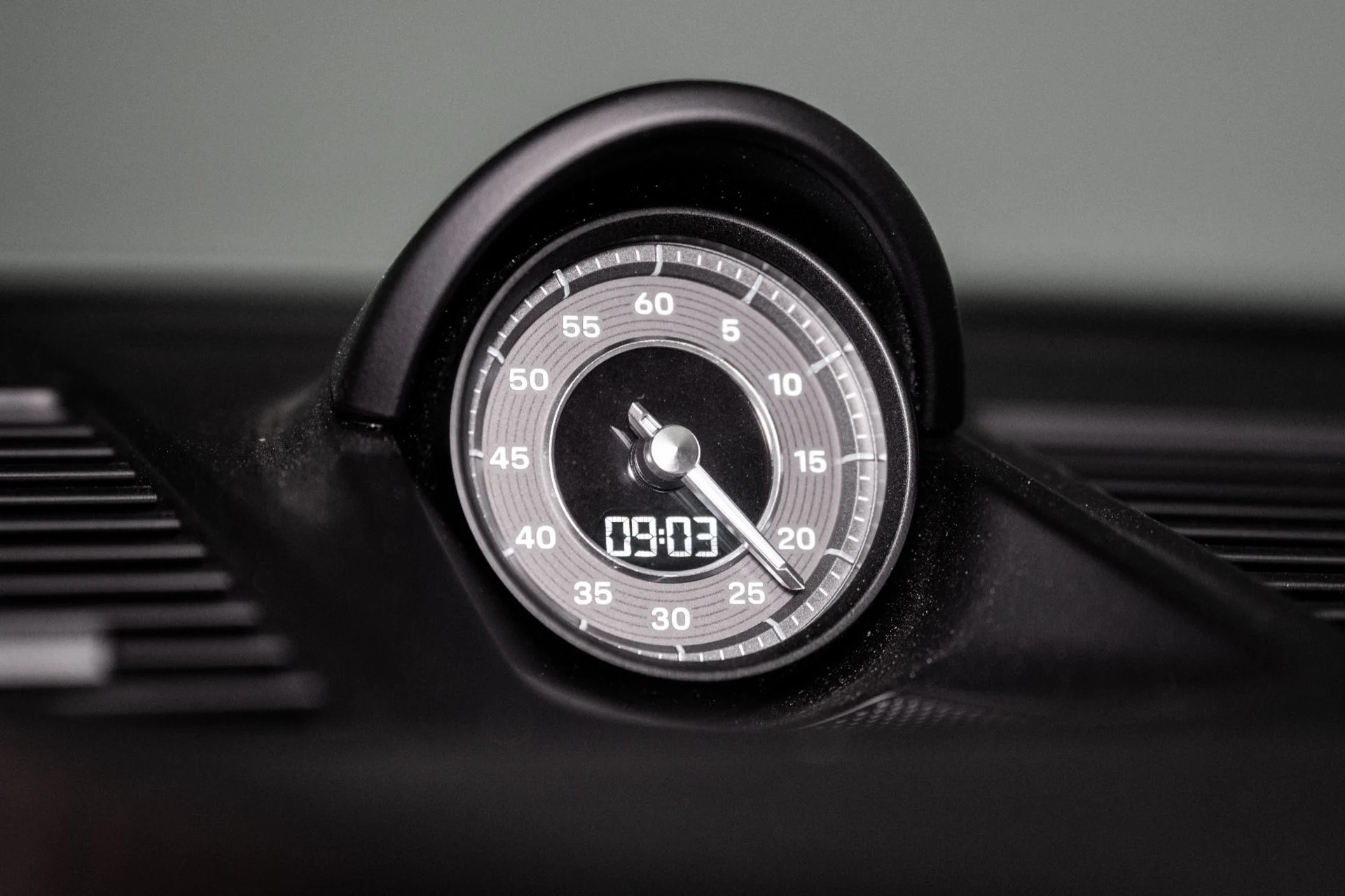 mph030_4221300996_Used_2022_Porsche_911_Turbo_1757171917_24b8ad7998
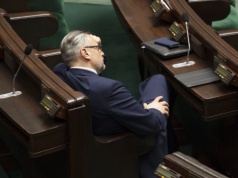 Lenz tłumaczy się ws. zabiegu w szpitalu! Chodziło o syna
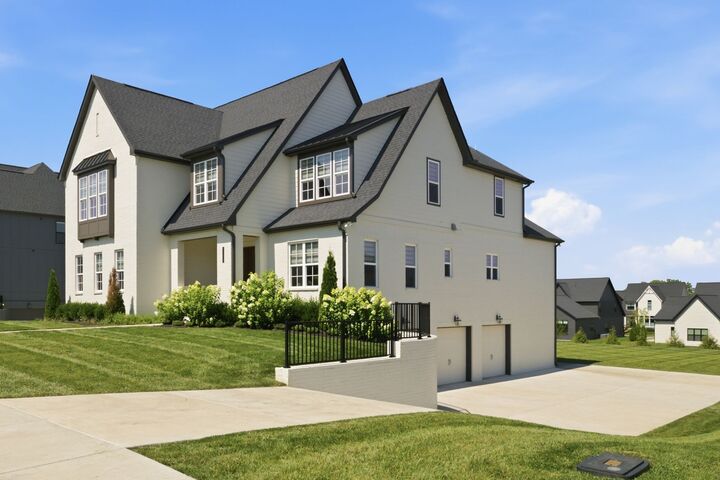 Property Photo:  7125 Newfields Ct  TN 37046 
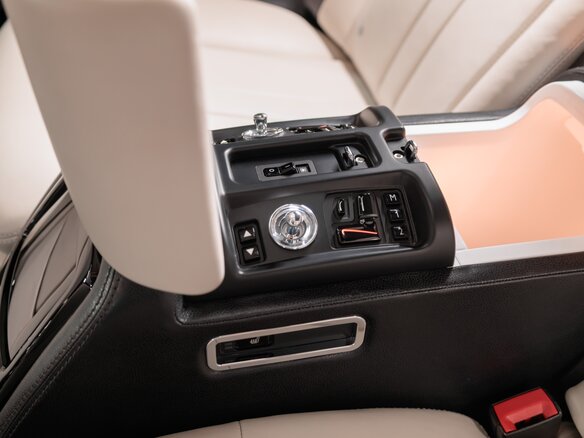 2013 Rolls-Royce Phantom VII Рестайлинг (Series II), чёрный - вид 30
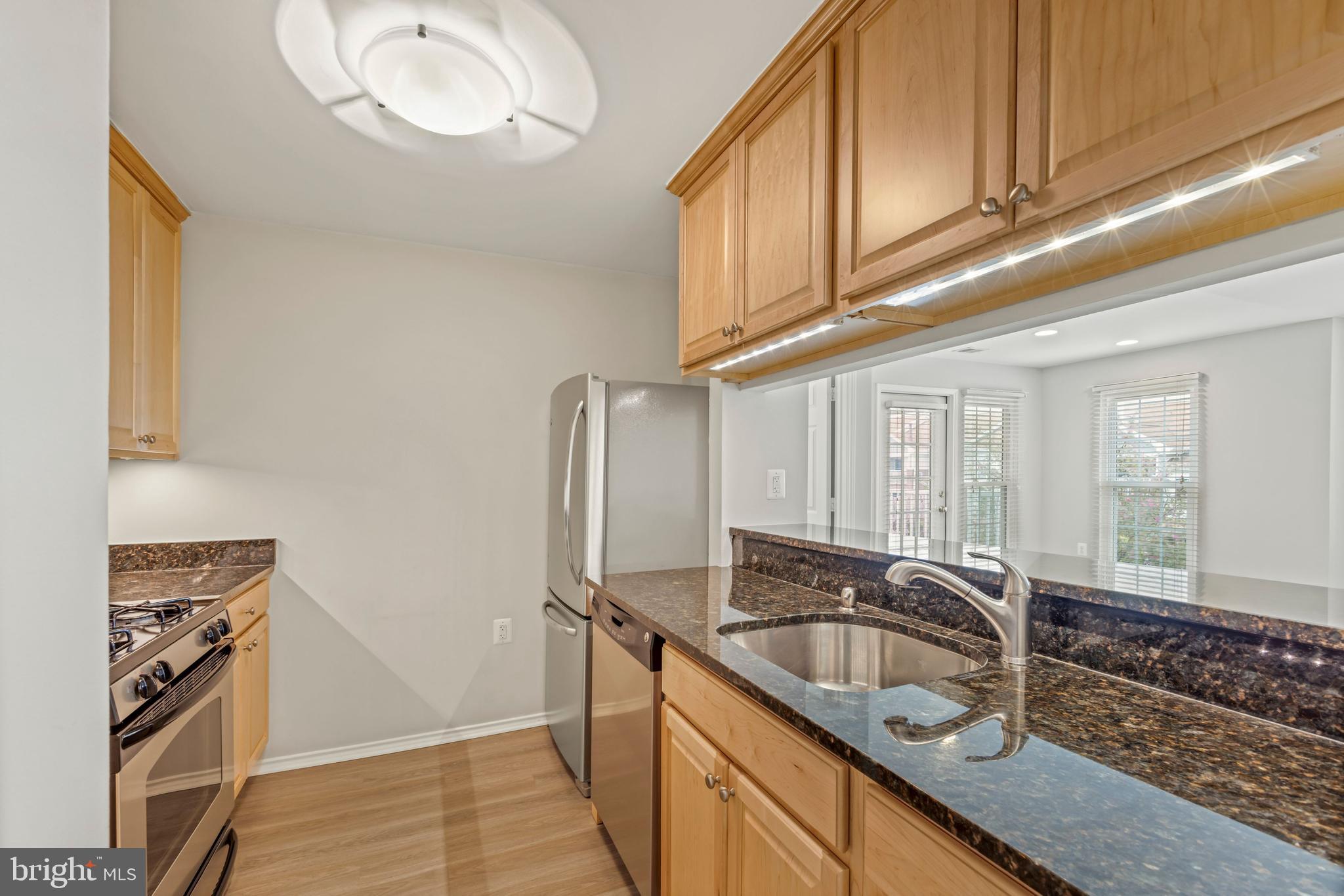 21029 Timber Ridge Terrace, Unit 301 Ashburn, VA 20147 - Photo 11 of 23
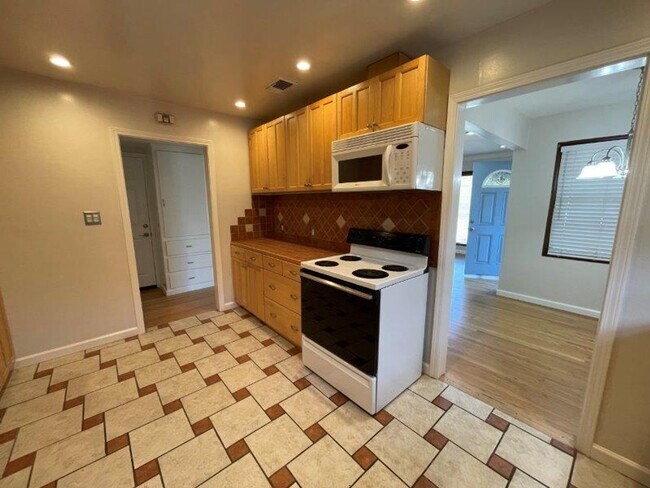 Foto del edificio - Cute Arden Park 2 Bedroom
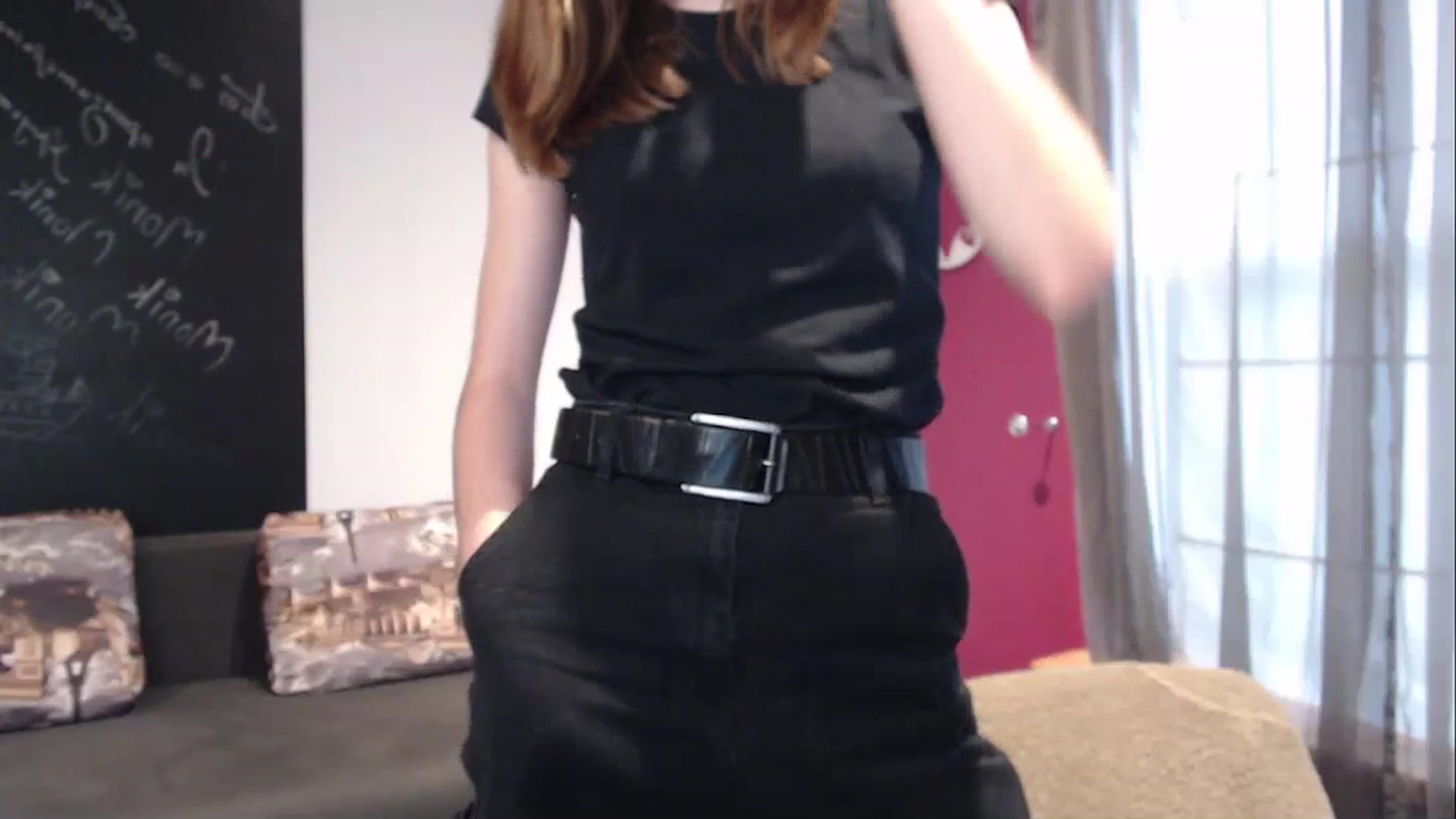 Gallery image thumbnail from Kate_Lewis's myfreecams stream on, 12/22/2023, 10:37 image 14 of 20
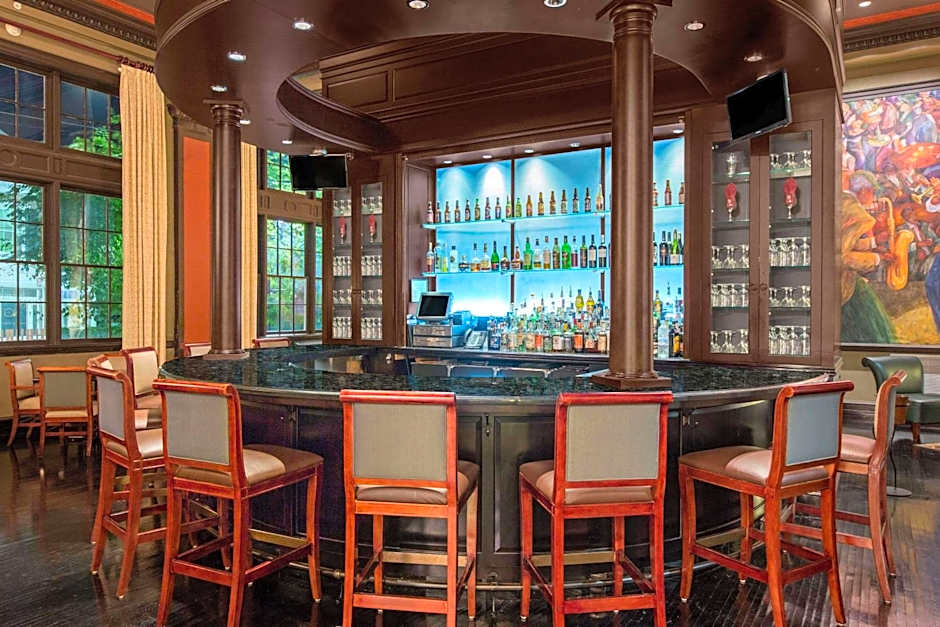 The George Washington A Wyndham Grand Hotel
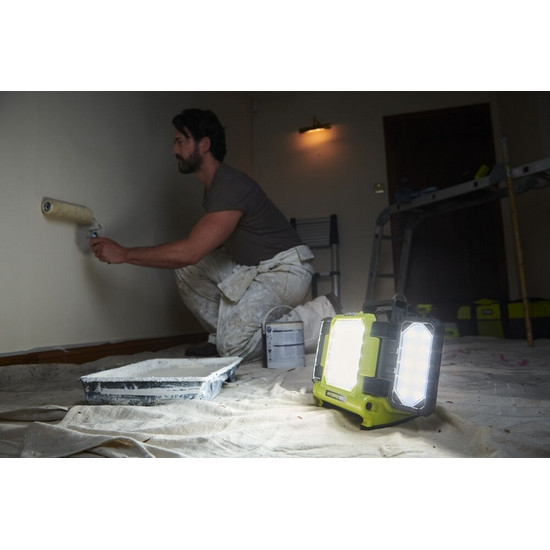 ONE + / Фонарь RYOBI RLP18-0 (без батареи) ONE + / Фонарь RYOBI RLP18-0 (без батареи)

# Instructions for the task
Copy the entries above exactly, but only the stretch from the line containing "2013 Rolls-Royce Phantom" through the line containing "Foto del edificio". Keep both end lines; drop the pictures.

# Written answer
 2013 Rolls-Royce Phantom VII Рестайлинг (Series II), чёрный - вид 30
 21029 Timber Ridge Terrace, Unit 301 Ashburn, VA 20147 - Photo 11 of 23
 Foto del edificio - Cute Arden Park 2 Bedroom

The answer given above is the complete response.